Pourtant, au fil des heures, la clarté du jour dévoilait le sentier de pierre et de terre qui s’élevait progressivement en résonnant à travers tout mon corps. Les arbres se faisant plus rares avec l’altitude, j’avais un accès toujours plus étendu au ciel et au sommet de la montagne. Sous mes pas, le chemin cotonneux baignait désormais dans une étrange lueur argentée. Sans disparaître totalement, mon sentiment initial se métamorphosait, et ma pensée, s’extrayant des mélancoliques brumes matutinales, s’éclaircissait. La marche chaotique avait doucement fait place à un rythme plus régulier et apaisant ; le vent, les rochers, les sources, les lueurs timides du soleil, les oiseaux devenaient autant d’interlocuteurs familiers, de signes amicaux sur le chemin. Alors que se dressait tout près le sommet du Somport, une sensation nouvelle avait monté en moi, baignant d’abord la tristesse de mon cœur d’une lueur douce-amère, à laquelle avait succédé un fugitif éclair de joie. J’atteignais le col et m’apprêtais à descendre sur le versant espagnol.

 

Tel Ulysse à quelques lieues d’Ithaque, le dehors étranger s’était transformé en un chez-soi. J’étais à ma place.

 

 

Seconde expérience :

 

Mes paroles avaient du sens, mon discours était cohérent, mais il ne semblait rencontrer aucun écho. Sensation étrange et déprimante de parler dans le vide pour un enseignant.
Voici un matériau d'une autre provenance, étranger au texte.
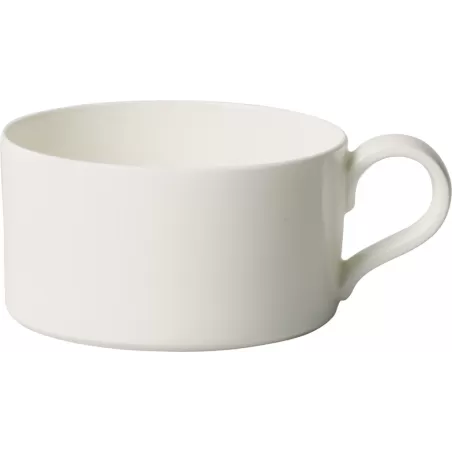 MetroChic blan Tazza te senzaPiatto 0,23l - Villeroy & Boch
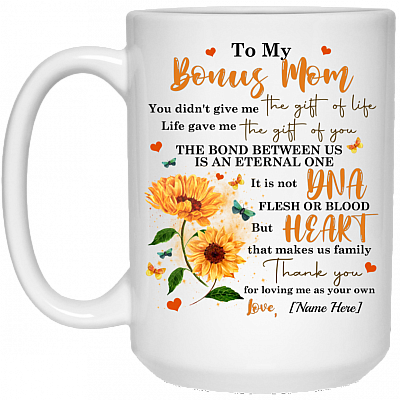 15 oz. White Mug
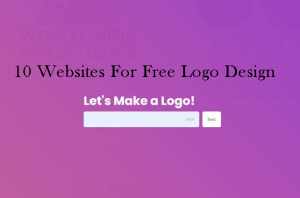 10 Websites For Free Logo Design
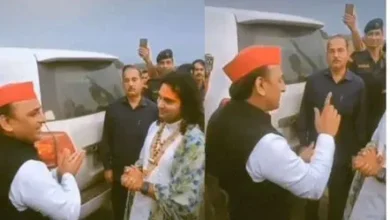 Photo of किसी को शूद्र मत कहना! अखिलेश यादव ने अनिरुद्धाचार्य को सड़क पर सुनाई खरी-खरी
Ce n’était pas vraiment lié à ma force de conviction – j’avais une foi raisonnable en ce que je racontais et je maîtrisais assez bien mon sujet ; ni à un déficit de travail préparatoire – une ou deux fois j’avais été assez échaudé par l’expérience du dilettantisme pour ne pas risquer d’y revenir. Non, malgré des efforts qui augmentaient désagréablement ma température corporelle, ce jour-là j’étais simplement dans une bulle solitaire, une sorte de monade leibnizienne sans portes ni fenêtres, privé de réel contact avec mes auditeurs.

 

 Quel fut, après de longues et pénibles minutes, l’élément transformateur, source d’un régime qualitatif supérieur ? Un mot, une formule, une phrase ? Une posture corporelle, un regard, un sourire, une inflexion de voix qui renforçait la teneur dramatique du discours ? L’ensemble de ces composantes, ou quelques-unes d’entre elles ? Sans doute ne le saurai-je jamais. Mais de toute évidence, un cap avait été franchi et la tonalité affective de la séance se modifiait insensiblement. J’accrochais désormais les regards et ressentais progressivement se propager la dimension énergétique de mon discours. Et plus je devenais moi-même sensible à l’écoute des participants, plus je prenais de la joie dans l’expression de mon propos. Cette puissance nouvelle se mêlait à celle des participants et me revenait sous forme de sourires, d’expressions de surprise, de questions, de réactions.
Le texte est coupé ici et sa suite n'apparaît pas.